Armed with ample cash and low interest rates, investors turned more risk-loving and chased returns in high-yielding emerging markets.
For example, Ashmore Investment Management, which manages $18 billion (10 billion pounds) in emerging debt and equity, said on Thursday it has been selected by San Francisco Employees' Retirement System to run a $120 million emerging market equities mandate.
But as appetite for risk decreases and central banks in major industrialised economies such as the United States and euro zone raise borrowing costs, investors are turning cautious.
The Bank of Japan scrapped its ultra-easy monetary policy on Thursday, worrying investors about the withdrawal of global liquidity from financial markets and the beginning of the end of the carry trade in which investors borrow in a low yield currency to invest in higher yielding assets.
BUBBLE TROUBLE
The slide in many emerging equity markets and currencies in the past few trading sessions has sparked concern as to whether a bubble is about to burst.
"From what I am reading and seeing I think country risks have been sacrificed in the search for yields," said Simon Derrick, head of currency research at Bank of New York.
Derrick said the current situation bears an uncanny resemblance to the internet bubble in 1999 and subsequent collapse of global stock markets.
Similarly, emerging market investors remember the meltdown of 1997-98 -- the Asian and Russian financial crises -- after hot money flowed into riskier assets.
The Bank of International Settlement in its latest quarterly report raised concerns about whether investors were discriminating sufficiently among borrowers.
It said credit ratings suggested that investors' appetite for risk had helped to drive emerging market sovereign bond spreads to record lows.
"Nevertheless, to the extent that investors may have underpriced country risk, emerging markets could be vulnerable to a repricing," the report said.
Credit Suisse in a client note said structural changes in the pattern of fund inflows show retail investors are focusing on broad-brush macroeconomic themes rather than valuations.
It said tracker funds accounted for 40 percent of inflows into the asset class in January, while actively managed funds saw an outflow during that period.
"This leaves fund inflows, to our mind, potentially vulnerable to business cycle risk, particularly in one of the 'BRICs' (Brazil, India, Russia and China) countries," it said.
DISCERNING INVESTORS?
Investors may already be distinguishing between good and bad sovereign credits and currencies and not relying on high yields to generate returns for portfolios. Take central Europe.
The Hungarian forint has lost about 2 percent so far this year dipping to a two-year low amid the emerging markets sell off on Wednesday despite domestic interest rates at 6 percent.
On the other hand, the Czech crown has firmed 1.25 percent in 2006 despite a negative yield differential to the euro zone.
Economies with macroeconomic imbalances are likely to suffer more if global risk appetite plunges.
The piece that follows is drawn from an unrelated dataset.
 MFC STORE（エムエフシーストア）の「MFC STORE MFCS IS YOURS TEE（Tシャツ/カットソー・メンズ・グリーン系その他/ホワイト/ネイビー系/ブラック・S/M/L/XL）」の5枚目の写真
But some fund managers say while the recent bout of market indigestion has drawn concern, appetites remain healthy.
A rise in emerging market assets comes against the backdrop of vastly improved fundamentals, chief of which are current account surpluses, built on in some cases by a rise in crude oil and other commodity prices.
"From the broad scheme of things there is some worry about the liquidity overhanging various financial assets, but the fact of the matter is the Fed and others now have a more limited impact on the global liquidity situation," said Rob Drijkoningen, head of emerging market debt and high yield at ING Investment management in The Hague.